Detailed Description

The prospective arm of the sub-study is intended to enroll 120 subjects indicated for PFA and Watchman in up to 20 US sites within the framework of the DISRUPT-AF registry. Subjects will be screened for eligibility to participate in concomitant PFA ablation for AF and LAAC by Watchman FLX Pro device in a single procedure. Both PVI and LAAC procedures are performed per SOC. In general, percutaneous catheterization will be initially established using FARADRIVE™ steerable sheath for ablation treatment of AF using the FARAWAVE Catheter per instruction for use (IFU) of the device and operator's standard practice. AF ablation will include PVI. Additional right or left atrial ablations are per investigators' discretions. After AF ablation, the FARAWAVE Catheter will be withdrawn. The FARADRIVE™ steerable sheath will be replaced with Watchman FLX deployment sheath. Deployment of Watchman FLX Pro device to LAA to achieve LAAC will follow the standard practice of the care and IFU of the device. Patients will be followed up at 45-90 days for LAAC implant assessment and at 3, 6, and 12 months for arrhythmia recurrence assessment

Study Timeline

• Study Start: 2025-06-01
• Study First Submitted: 2025-06-19
• Study First Submitted QC: 2025-06-19
• Study First Posted: 2025-06-27
• Status Verified: 2025-09
• Last Update Submitted: 2025-09-18
• Last Update Posted: 2025-09-24
• Primary Completion: 2026-09-30
• Study Completion: 2026-10-30

Recruitment & Eligibility

• Status: RECRUITING
• Sex: All
• Target Recruitment: 120

Inclusion Criteria

All inclusion criteria of the main DISRUPT-AF registry will apply.
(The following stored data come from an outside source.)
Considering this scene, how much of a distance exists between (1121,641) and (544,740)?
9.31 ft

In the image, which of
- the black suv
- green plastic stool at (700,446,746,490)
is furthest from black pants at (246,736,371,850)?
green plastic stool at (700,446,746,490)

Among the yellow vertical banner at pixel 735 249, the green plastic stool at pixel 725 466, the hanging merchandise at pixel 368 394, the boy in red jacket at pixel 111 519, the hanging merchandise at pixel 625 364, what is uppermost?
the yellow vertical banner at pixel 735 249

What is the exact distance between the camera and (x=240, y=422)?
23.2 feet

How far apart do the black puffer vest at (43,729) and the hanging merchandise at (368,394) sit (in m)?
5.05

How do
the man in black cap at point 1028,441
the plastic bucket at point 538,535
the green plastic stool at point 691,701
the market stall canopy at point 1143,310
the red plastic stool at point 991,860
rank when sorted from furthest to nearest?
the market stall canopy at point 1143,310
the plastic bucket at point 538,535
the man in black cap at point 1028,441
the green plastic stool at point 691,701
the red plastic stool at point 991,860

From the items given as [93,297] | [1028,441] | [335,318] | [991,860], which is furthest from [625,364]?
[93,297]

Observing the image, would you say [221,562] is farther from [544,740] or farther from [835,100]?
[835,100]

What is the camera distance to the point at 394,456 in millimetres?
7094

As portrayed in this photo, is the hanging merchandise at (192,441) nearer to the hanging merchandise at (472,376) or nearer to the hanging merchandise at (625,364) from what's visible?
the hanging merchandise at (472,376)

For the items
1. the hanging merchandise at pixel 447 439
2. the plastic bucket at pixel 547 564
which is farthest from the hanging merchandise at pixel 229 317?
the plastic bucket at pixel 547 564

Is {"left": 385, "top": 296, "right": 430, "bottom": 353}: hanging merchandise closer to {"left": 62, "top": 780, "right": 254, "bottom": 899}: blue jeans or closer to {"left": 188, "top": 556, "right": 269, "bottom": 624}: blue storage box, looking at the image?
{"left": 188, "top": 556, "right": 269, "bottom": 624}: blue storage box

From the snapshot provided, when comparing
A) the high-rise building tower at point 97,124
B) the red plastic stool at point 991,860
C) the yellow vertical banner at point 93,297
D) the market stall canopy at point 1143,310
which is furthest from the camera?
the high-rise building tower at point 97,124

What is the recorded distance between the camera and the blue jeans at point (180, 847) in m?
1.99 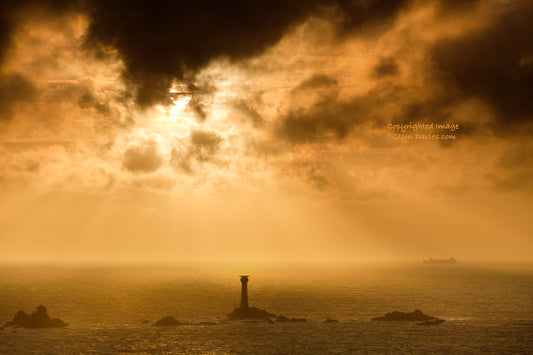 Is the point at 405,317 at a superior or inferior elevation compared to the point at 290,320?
superior

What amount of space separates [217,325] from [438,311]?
195 feet

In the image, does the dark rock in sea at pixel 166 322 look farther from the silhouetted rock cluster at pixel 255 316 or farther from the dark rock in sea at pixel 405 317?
the dark rock in sea at pixel 405 317

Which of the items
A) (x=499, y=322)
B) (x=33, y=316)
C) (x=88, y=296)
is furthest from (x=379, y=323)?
(x=88, y=296)

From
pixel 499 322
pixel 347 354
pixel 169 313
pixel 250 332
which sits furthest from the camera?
pixel 169 313

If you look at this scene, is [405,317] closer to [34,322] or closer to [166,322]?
[166,322]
In addition, patients included in this sub study must meet the additional inclusion criteria below:

• Patients who are determined by physicians to be eligible for LAAC
• Patients whose LAAC with Watchman FLX Pro procedures are performed concomitant following AF ablation procedure
• Willing and able to provide additional informed consent to the sub-study (unless waiver of consent is obtained)

Exclusion Criteria

All exclusion criteria of the main DISRUPT-AF registry will apply. In addition, patients included in this sub study have the additional exclusion criteria below:

-Patients who are participating in other DISRUPT-AF sub-studies

Study & Design

• Study Type: OBSERVATIONAL
• Study Design: Not specified

Primary Outcome Measures

Name	Time	Method
The occurrence of events between the time of implant and within 7 days following the procedure	12 months	AF ablation safety will be compared between the concomitant procedures and standalone AF ablation cohort. and LAAC procedure safety will be compared between the concomitant procedures and standalone LAAC cohort.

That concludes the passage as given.